*Task instructions*:
Return every record below exactly; leave out the images.

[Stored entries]
++++

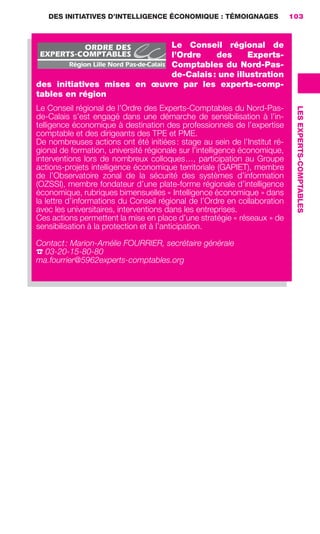 DES INITIATIVES D’INTELLIGENCE ÉCONOMIQUE : TÉMOIGNAGES                103



                                                     Le Conseil régional de
                                                     l’Ordre    des     Experts-
                                                     Comptables du Nord-Pas-
                                                     de-Calais : une illustration
                        des initiatives mises en œuvre par les experts-comp-
                        tables en région
                        Le Conseil régional de l’Ordre des Experts-Comptables du Nord-Pas-




                                                                                                    LES EXPERTS-COMPTABLES
                        de-Calais s’est engagé dans une démarche de sensibilisation à l’in-
                        telligence économique à destination des professionnels de l’expertise
                        comptable et des dirigeants des TPE et PME.
                        De nombreuses actions ont été initiées : stage au sein de l’Institut ré-
                        gional de formation, université régionale sur l’intelligence économique,
                        interventions lors de nombreux colloques…, participation au Groupe
                        actions-projets intelligence économique territoriale (GAPIET), membre
                        de l’Observatoire zonal de la sécurité des systèmes d’information
                        (OZSSI), membre fondateur d’une plate-forme régionale d’intelligence
                        économique, rubriques bimensuelles « Intelligence économique » dans
                        la lettre d’informations du Conseil régional de l’Ordre en collaboration
                        avec les universitaires, interventions dans les entreprises.
                        Ces actions permettent la mise en place d’une stratégie « réseaux » de
                        sensibilisation à la protection et à l’anticipation.

                        Contact : Marion-Amélie FOURRIER, secrétaire générale
                        ☎ 03-20-15-80-80
                        ma.fourrier@5962experts-comptables.org




083-103 GDR IE 120612.indd 103                                                                                               05/07/12 10:00
Cyan quadriMagenta quadriJaune quadriNoir quadriPantone 1797U
     quadriMagenta quadriJaune quadriNoir quadriPantone              Sicogif Certified PDF LES PAOISTES
 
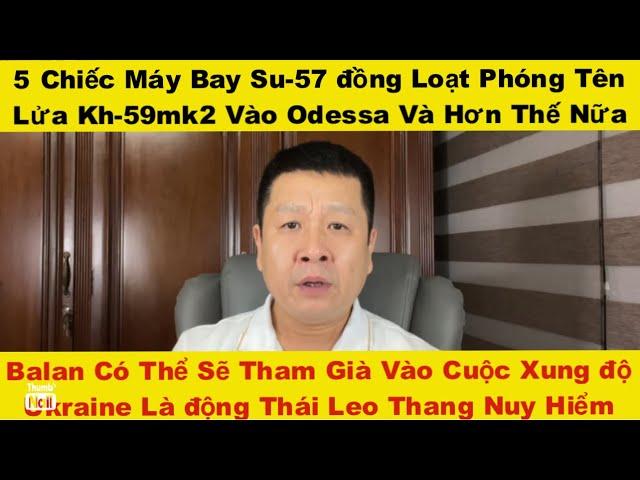 5 chiếc su-57 đồng phóng tên lửa vào Odessa | balan có thể đưa quân vào | Mắt Bão | BT24525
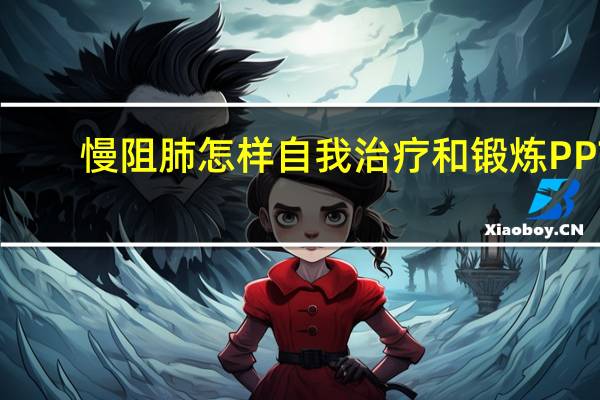 慢阻肺怎样自我治疗和锻炼PPT(慢阻肺怎样自我治疗)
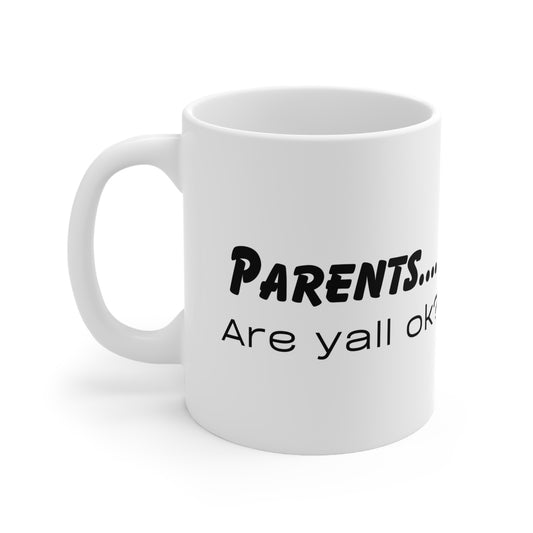 Parents....Yall ok? Ceramic Coffee Cups, 11oz, 15oz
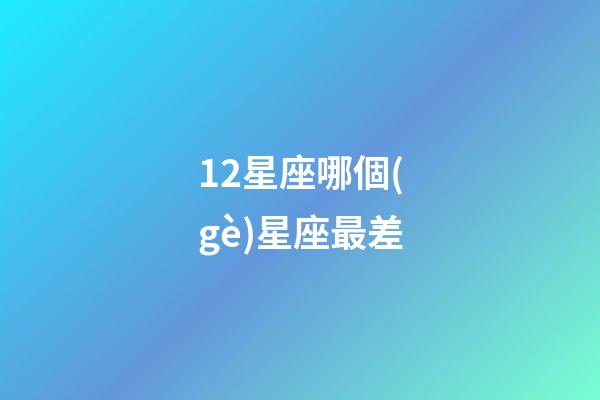 12星座哪個(gè)星座最差-第1張-星座運(yùn)勢(shì)-玄機(jī)派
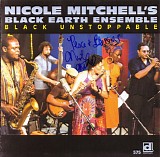Nicole Mitchell's Black Earth Ensemble - Black Unstoppable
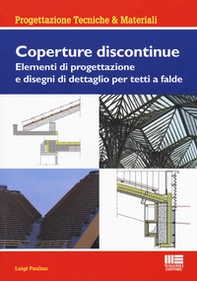 Coperture discontinue. Elementi di progettazione e disegni di dettaglio per tetti e falde - Librerie.coop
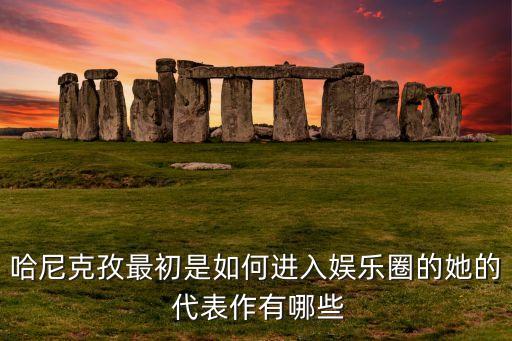 哈尼克孜最初是如何进入娱乐圈的她的 代表作有哪些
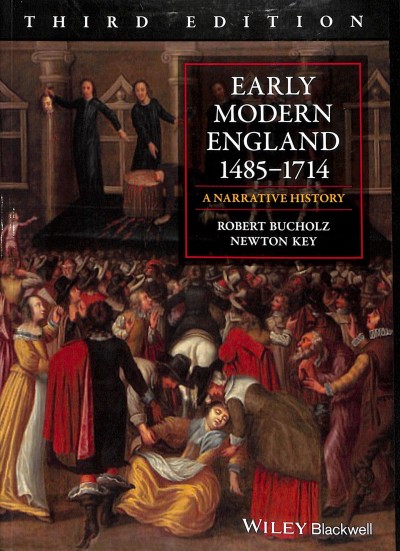 Early modern England, 1485-1714 : a narrative history / Robert Bucholz and Newton Key.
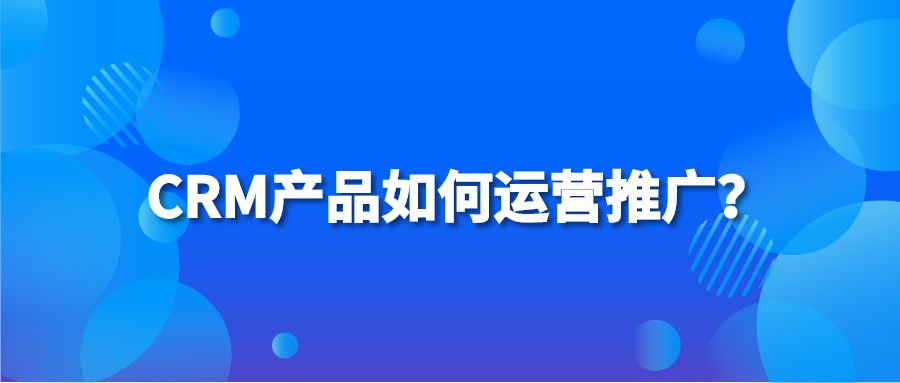 CRM产品如何运营推广？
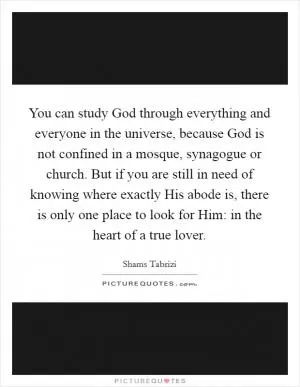 You can study God through everything and everyone in the universe, because God is not confined in a mosque, synagogue or church. But if you are still in need of knowing where exactly His abode is, there is only one place to look for Him: in the heart of a true lover Picture Quote #1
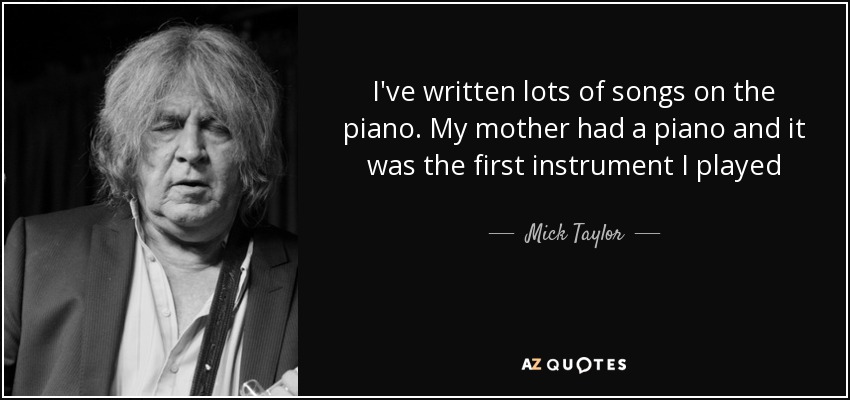 I've written lots of songs on the piano. My mother had a piano and it was the first instrument I played - Mick Taylor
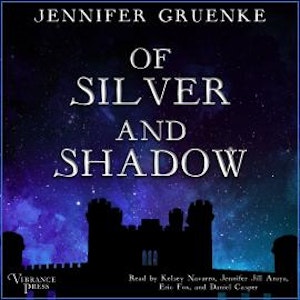 Of Silver and Shadow (Unabridged)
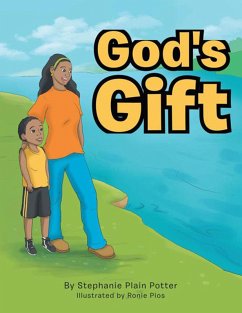 God's Gift (eBook, ePUB) - Potter, Stephanie Plain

++++

*Response to this exercise*:
 DES INITIATIVES D’INTELLIGENCE ÉCONOMIQUE : TÉMOIGNAGES                103



                                                     Le Conseil régional de
                                                     l’Ordre    des     Experts-
                                                     Comptables du Nord-Pas-
                                                     de-Calais : une illustration
                        des initiatives mises en œuvre par les experts-comp-
                        tables en région
                        Le Conseil régional de l’Ordre des Experts-Comptables du Nord-Pas-




                                                                                                    LES EXPERTS-COMPTABLES
                        de-Calais s’est engagé dans une démarche de sensibilisation à l’in-
                        telligence économique à destination des professionnels de l’expertise
                        comptable et des dirigeants des TPE et PME.
                        De nombreuses actions ont été initiées : stage au sein de l’Institut ré-
                        gional de formation, université régionale sur l’intelligence économique,
                        interventions lors de nombreux colloques…, participation au Groupe
                        actions-projets intelligence économique territoriale (GAPIET), membre
                        de l’Observatoire zonal de la sécurité des systèmes d’information
                        (OZSSI), membre fondateur d’une plate-forme régionale d’intelligence
                        économique, rubriques bimensuelles « Intelligence économique » dans
                        la lettre d’informations du Conseil régional de l’Ordre en collaboration
                        avec les universitaires, interventions dans les entreprises.
                        Ces actions permettent la mise en place d’une stratégie « réseaux » de
                        sensibilisation à la protection et à l’anticipation.

                        Contact : Marion-Amélie FOURRIER, secrétaire générale
                        ☎ 03-20-15-80-80
                        ma.fourrier@5962experts-comptables.org




083-103 GDR IE 120612.indd 103                                                                                               05/07/12 10:00
Cyan quadriMagenta quadriJaune quadriNoir quadriPantone 1797U
     quadriMagenta quadriJaune quadriNoir quadriPantone              Sicogif Certified PDF LES PAOISTES
 
 5 chiếc su-57 đồng phóng tên lửa vào Odessa | balan có thể đưa quân vào | Mắt Bão | BT24525
 慢阻肺怎样自我治疗和锻炼PPT(慢阻肺怎样自我治疗)
 Parents....Yall ok? Ceramic Coffee Cups, 11oz, 15oz
 12星座哪個(gè)星座最差-第1張-星座運(yùn)勢(shì)-玄機(jī)派
Nicole Mitchell's Black Earth Ensemble - Black Unstoppable
 Coperture discontinue. Elementi di progettazione e disegni di dettaglio per tetti e falde - Librerie.coop
 哈尼克孜最初是如何进入娱乐圈的她的 代表作有哪些
 Early modern England, 1485-1714 : a narrative history / Robert Bucholz and Newton Key.
 CRM产品如何运营推广？
 You can study God through everything and everyone in the universe, because God is not confined in a mosque, synagogue or church. But if you are still in need of knowing where exactly His abode is, there is only one place to look for Him: in the heart of a true lover Picture Quote #1
 I've written lots of songs on the piano. My mother had a piano and it was the first instrument I played - Mick Taylor
 Of Silver and Shadow (Unabridged)
 God's Gift (eBook, ePUB) - Potter, Stephanie Plain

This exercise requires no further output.